The woman’s voice, despite her red and puffy eyes, is cold and hard as steel. ‘She could have… she _would_ have died. If Harry hadn’t been there to…’

She stops. Eliot says nothing; he just sits across from her and patiently waits until she has steeled herself again. As the silence drags on, he casts a dark glance at the innocuous looking stuffed toy that sits on the table between them. It’s probably supposed to be a pig. At least, it’s pink and vaguely pig-shaped but it’s painfully obvious that whoever designed this thing, has never seen a farm animal up close.

Eliot has. They tend not to have such bright blue eyes and ludicrous grins on their faces.

‘She’s still in the hospital,’ the woman continues at last. ‘She has already had three surgeries and they’re waiting for her to recover a little so they can… she needs one more skin graft, at least, and we can only hope and pray there won’t be any infection or, or…’

A tinny squeak echoes through the empty Brewpub as Eliot’s hand closes around the probably-a-pig. The woman flinches but presses on, determined. ‘And even if she… even if she... I mean. We are just barely breaking even as it is, and I don’t even know how we’ll be able to…’

‘Mrs. Alvarez, it’s alright.’

Eliot releases the pink abomination and leans forward, giving the woman as reassuring a smile as he can manage. ‘It’s alright.

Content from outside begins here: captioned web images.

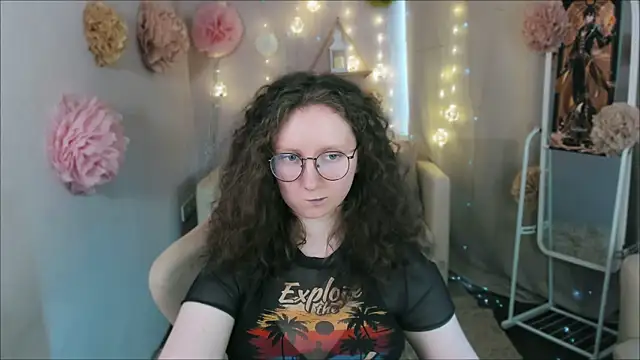 SunshineBlaze webcam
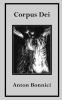Corpus Dei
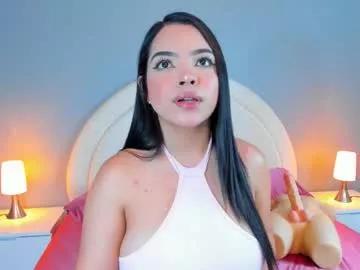 Masturbate to 20 years old eva_bigboobs_ from Chaturbate eva_bigboobs_ from Chaturbate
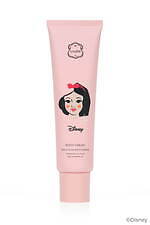 ラリン(Laline) 白雪姫｜写真8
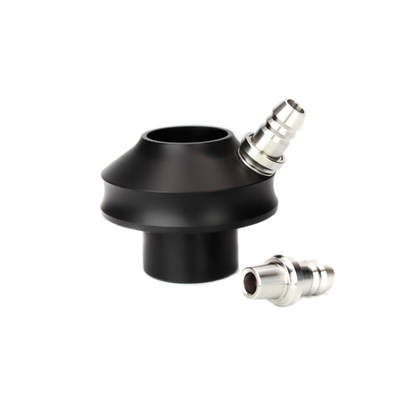 Основания для модели DOWN (без коннектора)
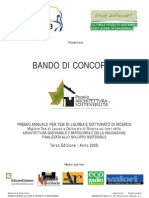 bando premio08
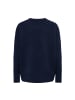 ONLY Pullover in Night Sky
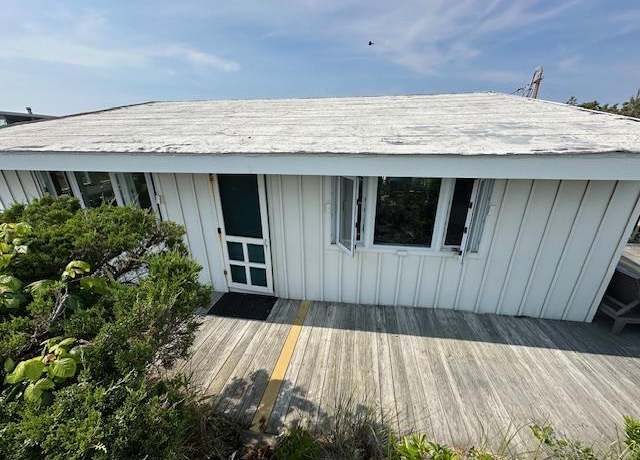 Property at 54 Lewis Walk, Cherry Grove, NY 11782, 4 beds, 1.5 baths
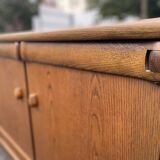 Vintage sideboard 1960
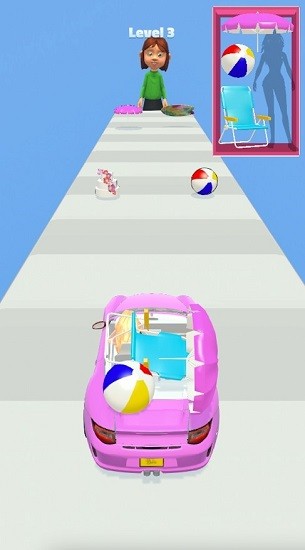 娃娃設(shè)計(jì)師手游(Doll Designer) v1.6.6 安卓版 3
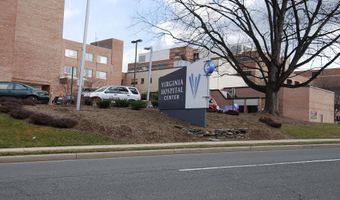 3515 WASHINGTON Blvd 515, Arlington, VA 22201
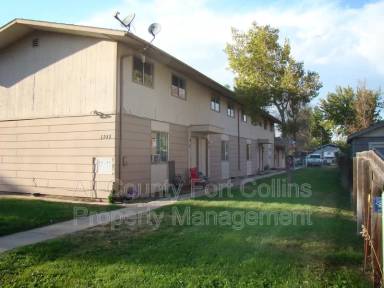 Main picture of 1403 E 7th St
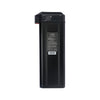 Fiido Q2 Batterij 2500mAh Accu Oplaadbare Voeding - AE-trading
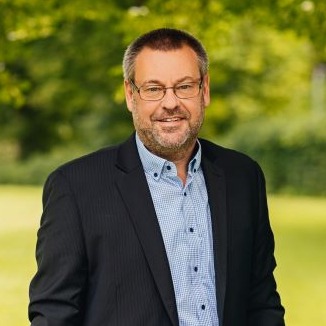 Allianz Versicherung Robert Sibold Ehrenkirchen - Oliver Weingart Spezialist für Vorsorge und Anlage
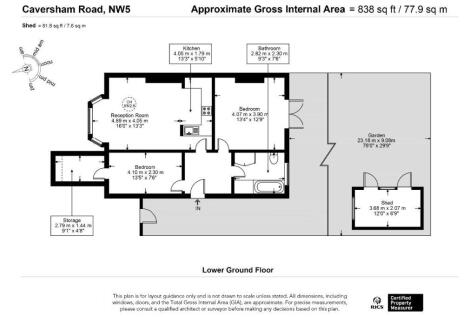 Property Image 13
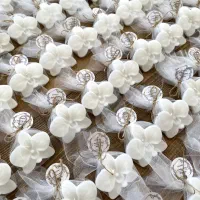 گیفت عروسی و عقد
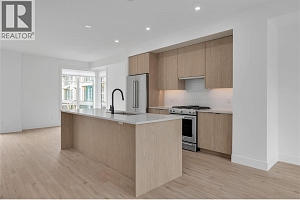 1455 Cara Glen Court Unit# 112 - Photo 4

We’ll take care of that for you.’

The woman narrows her eyes. ‘It’s not just about the money, Mr. Ford.’

‘I know.’ Eliot’s smile turns ever so slightly and the woman nods. ‘I know. Don’t worry.’

\---

‘Alright, listen up and let me present to you our next mark: Liam Leeman, CEO of stuffed toy company Oink Oink Inc. And yes, I know, and I _do_ agree we should take them down for that alone, but that’s not the only crime against humanity they’re committing so hear me out.’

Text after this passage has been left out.